Die Recherche- und Informationsstelle Antisemitismus Berlin wurde im Januar 2015 mit dem Ziel gegründet, auch solche Vorfälle zu erfassen, die nicht in die offizielle Polizeistatistik mit einlaufen. Hierfür wurde ein Online-Meldeportal geschaffen. Betroffene können nun unter www.report-antisemitism.de direkt berichten. Seither haben sie die Meldungen vervielfacht.
"Die starke Zunahme an Meldungen seit der Bekanntmachung der neuen Meldemöglichkeiten zeigt lediglich, dass wir den richtigen Weg eingeschlagen haben, um mehr über das Ausmaß von Antisemitismus im Alltag unserer Stadt zu erfahren", sagte Koordinator Benjamin Steinitz. Er vermutet trotz der jetzt schon sehr hohen gemeldeten Zahl noch eine große Dunkelziffer.
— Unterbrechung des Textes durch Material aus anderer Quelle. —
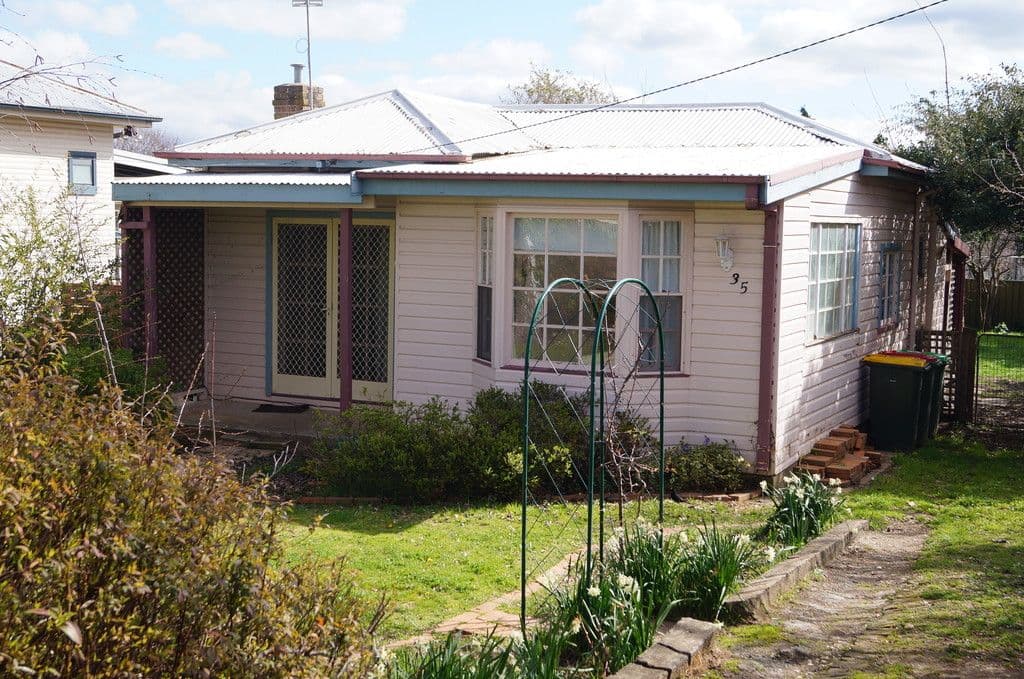 35 Spring Street, Orange - Thumbnail 3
401 Vorfälle für 2015 gemeldet
"Wir erwarten vom Berliner Senat eine konsequente Null-Toleranz-Politik gegen antisemitische Täter, sei es auf Demonstrationen oder auf den Sportplätzen. Die Stadtgesellschaft muss hier stärker Flagge zeigen, und auch Polizei und Sicherheitsbehörden können noch früher und konsequenter eingreifen", fordert Berger vom AJC. Besonders besorgt sei sie über die niedrige Aufklärungsrate bei antisemitischen Taten und Vorfällen. Aufklärung sei aber besonders wichtig, um zu zeigen, "dass Antisemitismus nicht toleriert wird".
Nach Angaben der Informationsstelle sind bislang 401 antisemitische Vorfälle für das Jahr 2015 bekannt, wovon lediglich 183 in der offiziellen Polizeistatistik erfasst sind (193 im Jahr 2014). 151 Personen waren direkt von Bedrohungen und aggressiven Pöbeleien und Angriffen betroffen, darunter fallen auch gezielte Zuschriften gegen Einzelpersonen und Institutionen. Dabei wurden 31 Personen verletzt. Die meisten Betroffenen waren als Juden erkennbar.
Die Konsequenz: "Immer mehr Juden berichten uns, dass sie sich seltener oder gar nicht mehr als Juden in der Öffentlichkeit zu erkennen geben. Denn wir erleben seit einigen Jahren eine Radikalisierung antisemitischer Täter. Die Hemmschwelle zur Gewaltandrohung und -anwendung sinkt dabei stetig", berichtet Berger, die seit 30 Jahren in Deutschland die Entwicklung des Antisemitismus beobachtet.